What this task involves:
Although the data below contains pictures, please reproduce only its words, exactly.

Image-text web data
*** Begin section ***
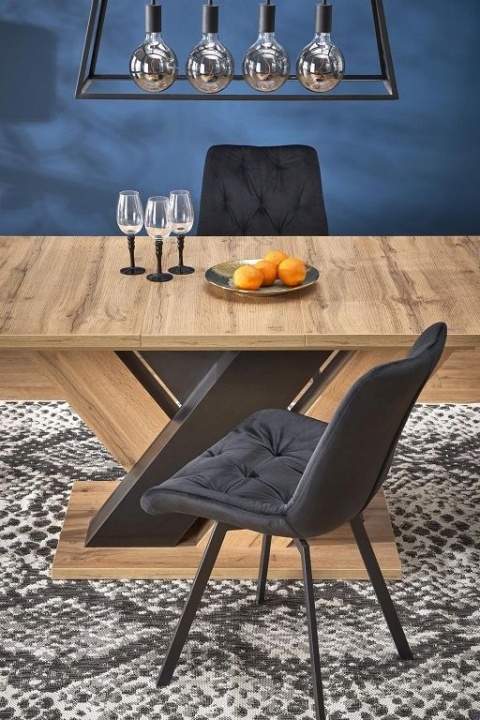 STÓŁ ROZKŁADANY BRANDON 160-200/90 cm PROSTOKĄTNY DĄB WOTAN / CZARNY HALMAR PŁYTA LAMINOWANA DO SALONU JADALNI STÓŁ ROZKŁADANY BRANDON 160-200/90 cm PROSTOKĄTNY DĄB WOTAN / CZARNY HALMAR PŁYTA LAMINOWANA DO SALONU JADALNI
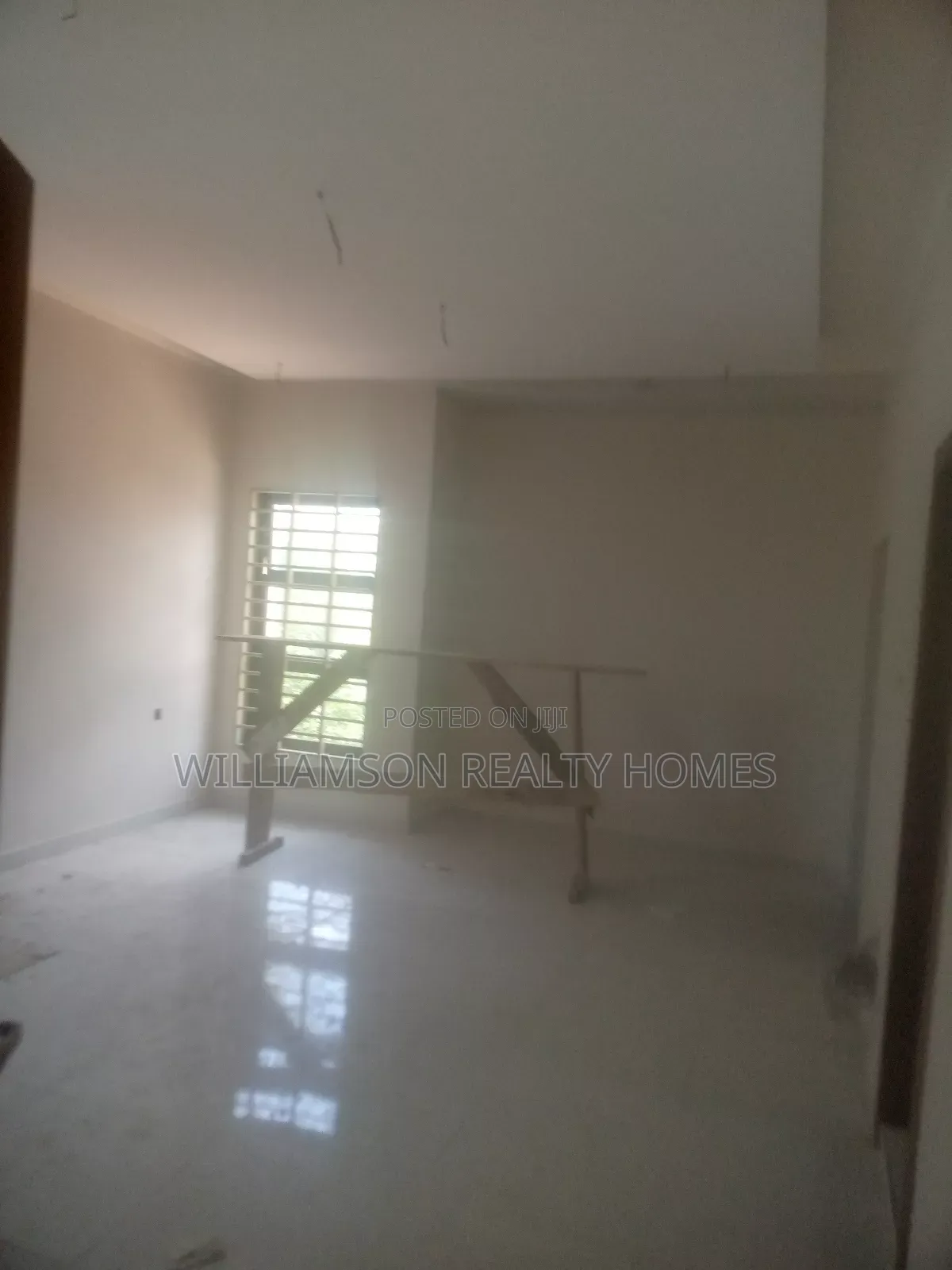 4bdrm Duplex in Hfc Estate Area, Spintex for sale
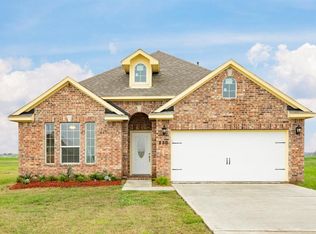 820 Wagon Wheel Trl, Angleton, TX 77515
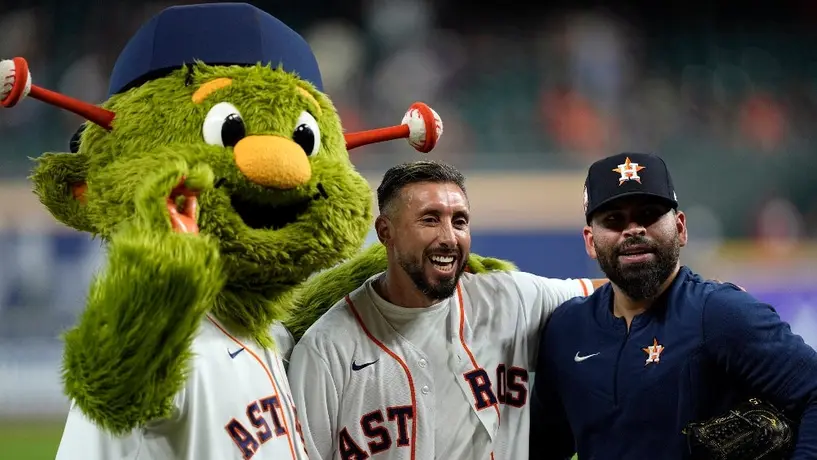 Héctor Herrera lanzó la primera bola del juego de los Houston Astros con José Urquidy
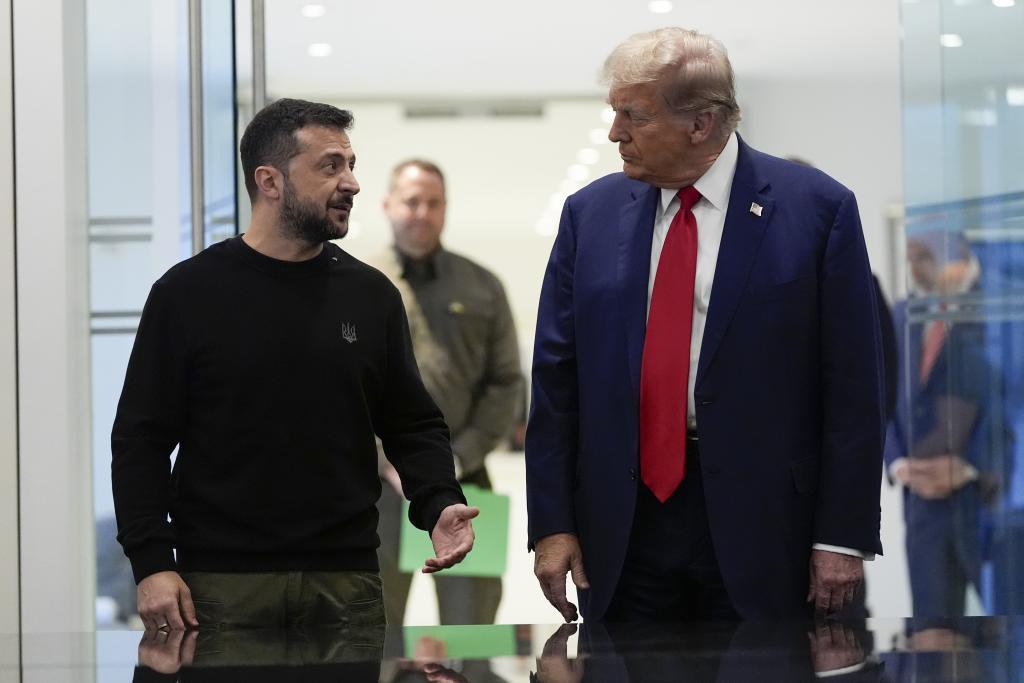 President Donald Trump meets with Ukraine's President Volodymyr Zelenskyy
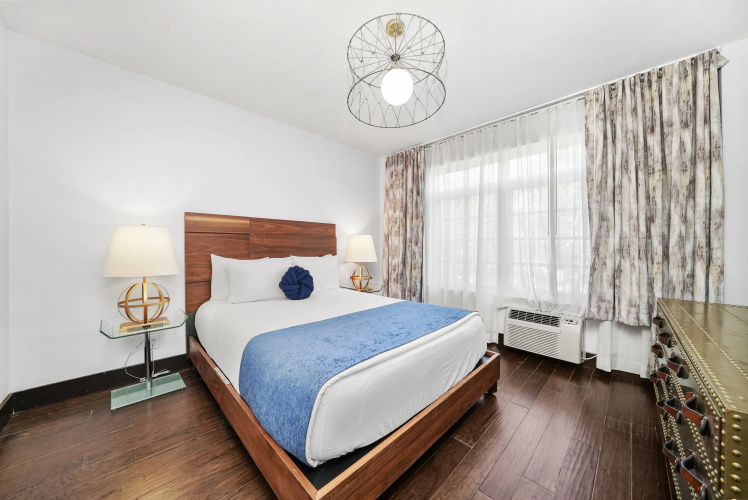 Lincoln Arms Suites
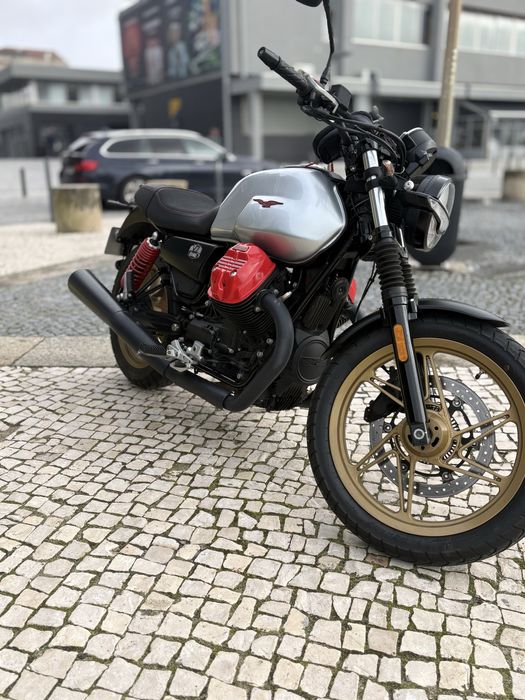 Moto Guzzi v7 stone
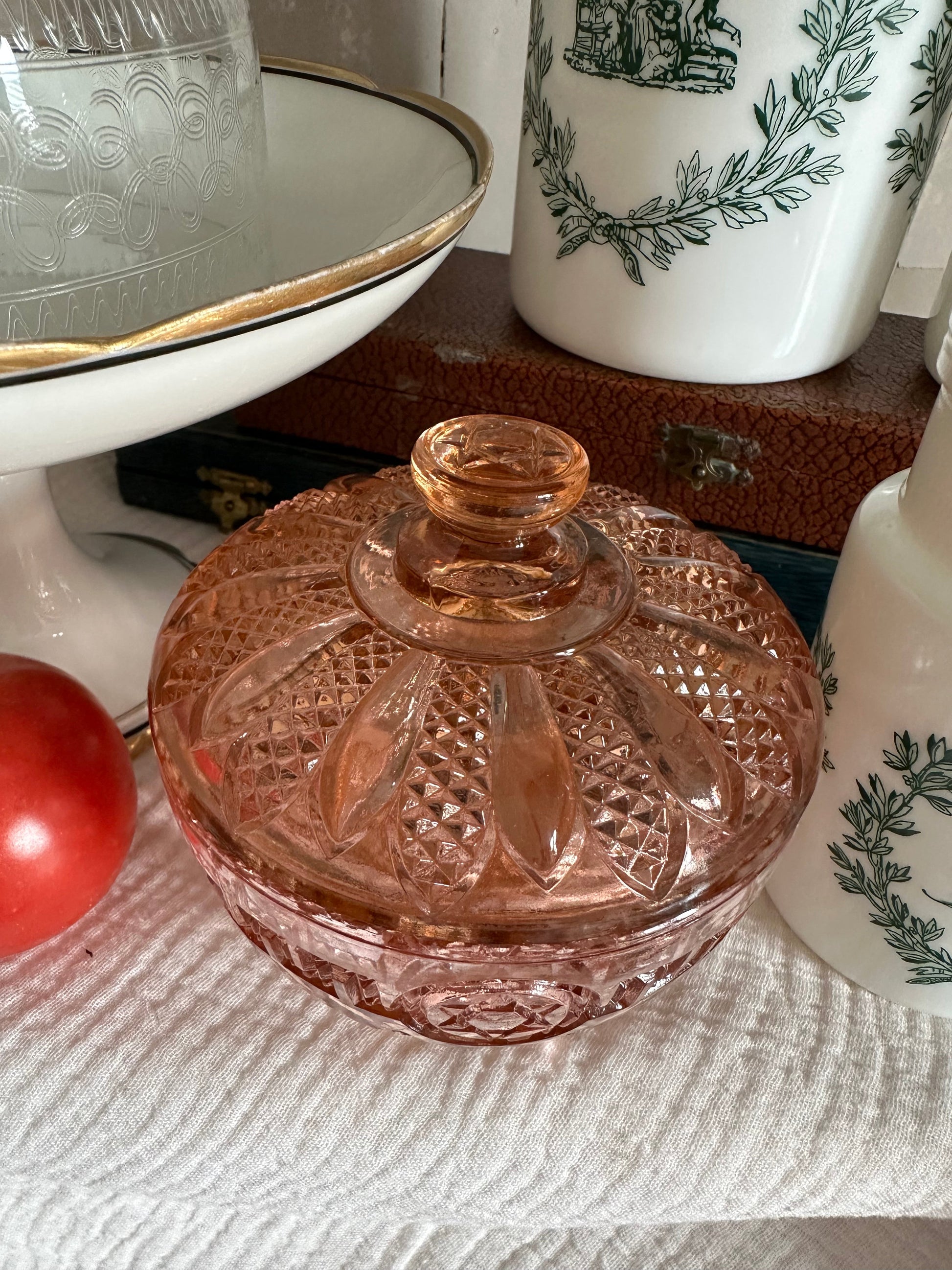 Boite à bijoux en verre rosée De Raymonde à Zoé
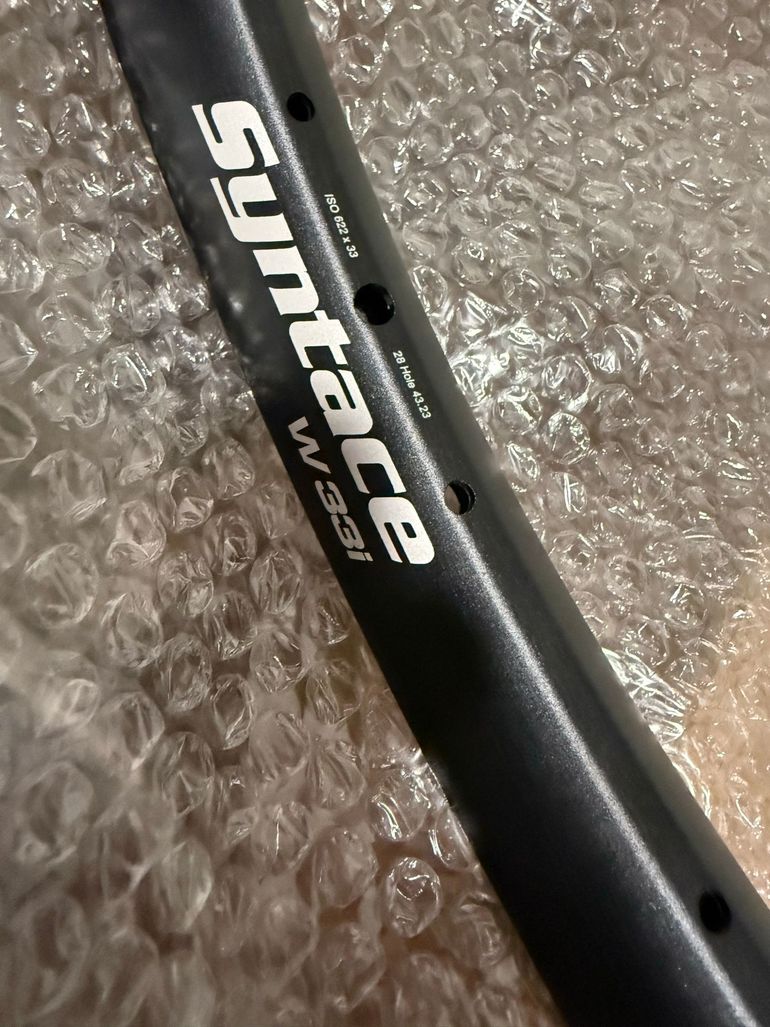Used Syntace Neue w33 Felgen 1x27,5“ u 1x29“ mit Speichen 2026 bike — image 1 of 2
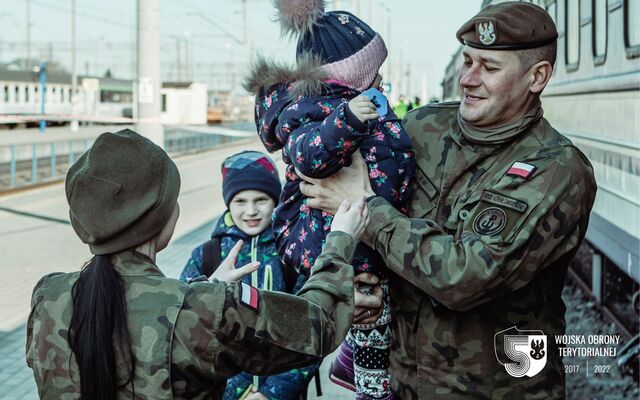 Chełm. Lubelscy terytorialsi niezawodnie pomagają przyjmować pociągi z uchodźcami z Ukrainy.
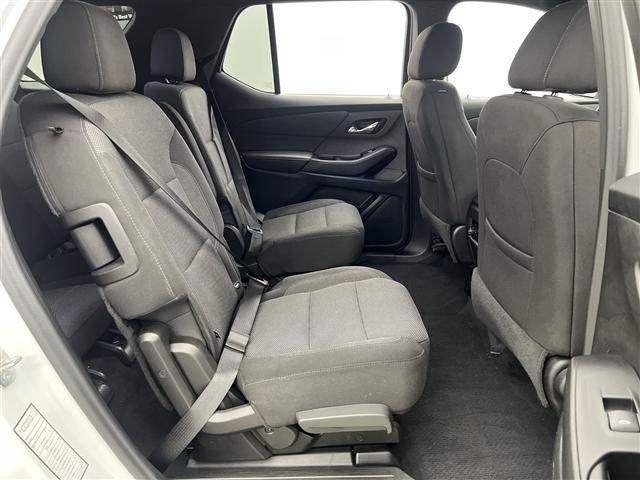 used 2023 Chevrolet Traverse car, priced at $29,989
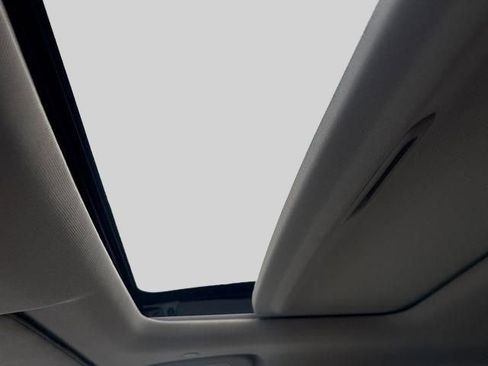 Used 2023 Honda CR-V EX-L image 12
*** End section ***
Result of this exercise:
 STÓŁ ROZKŁADANY BRANDON 160-200/90 cm PROSTOKĄTNY DĄB WOTAN / CZARNY HALMAR PŁYTA LAMINOWANA DO SALONU JADALNI STÓŁ ROZKŁADANY BRANDON 160-200/90 cm PROSTOKĄTNY DĄB WOTAN / CZARNY HALMAR PŁYTA LAMINOWANA DO SALONU JADALNI
 4bdrm Duplex in Hfc Estate Area, Spintex for sale
 820 Wagon Wheel Trl, Angleton, TX 77515
 Héctor Herrera lanzó la primera bola del juego de los Houston Astros con José Urquidy
 President Donald Trump meets with Ukraine's President Volodymyr Zelenskyy
 Lincoln Arms Suites
 Moto Guzzi v7 stone
 Boite à bijoux en verre rosée De Raymonde à Zoé
Used Syntace Neue w33 Felgen 1x27,5“ u 1x29“ mit Speichen 2026 bike — image 1 of 2
 Chełm. Lubelscy terytorialsi niezawodnie pomagają przyjmować pociągi z uchodźcami z Ukrainy.
 used 2023 Chevrolet Traverse car, priced at $29,989
 Used 2023 Honda CR-V EX-L image 12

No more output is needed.